Me gusta que me regalen libros, pero casi más me gusta comprarlos, abrirlos por primera vez (no soporto el envoltorio plastificado), contar sus páginas, qué tipo de letra tienen y si hay algún colofón escrito. En esto de escribir colofones es experto y ha casi inventado un género propio el bibliófilo, editor y amigo Manuel Ruiz Luque, del que me gusta saber que tiene una excepcional biblioteca, que cuida con esmero en su Fundación montillana, porque como dice Manuel Rivas "preguntarse por el futuro del libro es también, y sobre todo, preguntarse qué pasará con el ecosistema del libro. Con las librerías y las bibliotecas".

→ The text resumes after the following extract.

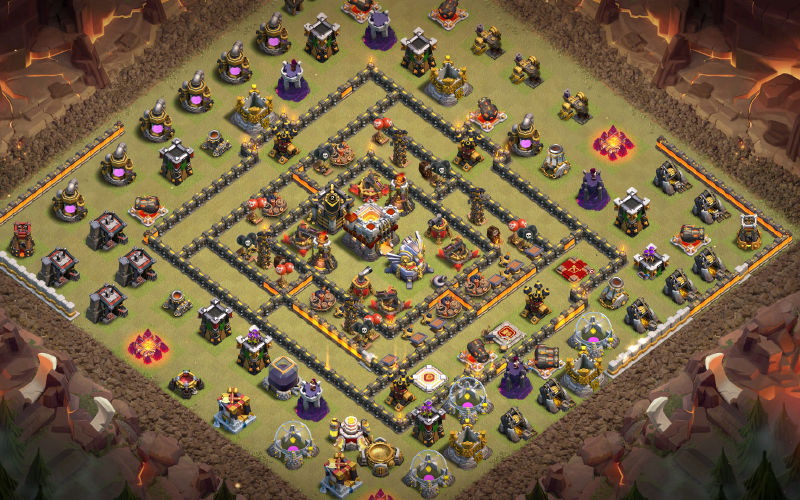 Town Hall 11 War Base layout by User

Me gusta entrar en una librería y pasearme entre los estantes antes de elegir un libro, sin saber siquiera si era ese el que iba a comprar. Como también me gusta en las casas ajenas ver qué libros tienen mis anfritiones o que los que vienen a la mía escudriñen los míos (en esto lleva delantera mi cuñado Pepe Cobos). Aunque no me gusta prestar libros ni que me los presten, porque después de leerlos me gusta tener acceso a ellos, no por el refrán que dice "libro prestado, libro perdido". Quizás sea porque cada libro leído lo considero como parte de mí.

Siento un placer casi físico cuando editan un libro mío y lo veo por primera vez, aunque como a don Antonio Machado, me cueste trabajo releerlos, quizás por un insuperable sentido de la autocrítica. Y me noto especial cuando leo un clásico que me transporta a su época, es como si estuviera en una máquina del tiempo. Dice Italo Calvino: "Toda relectura de un clásico es una lectura de descubrimiento como la primera". Y aunque hay gente presta a certificar su defunción, el libro ha sobrevivido a sus quemas: Alejandría, la biblioteca de Alhakén o el propio Hitler.

Un libro es como un amigo donde he acompañado a personajes, he conocido e imaginado mundos, y forma parte de mi memoria personal y también colectiva. Son, más que un regalo, el mejor invento que define el ser humano. Por eso siempre me aterrorizó aquella profecía sobre la extinción obligada del libro en el Farenheit 451 de Ray Bradbury. Seguramente soy un enfermo, un antiguo, un malsano, un obsoleto, un fetichista y muchas cosas más innombrables, pero me gustan y me seguirán gustando los libros.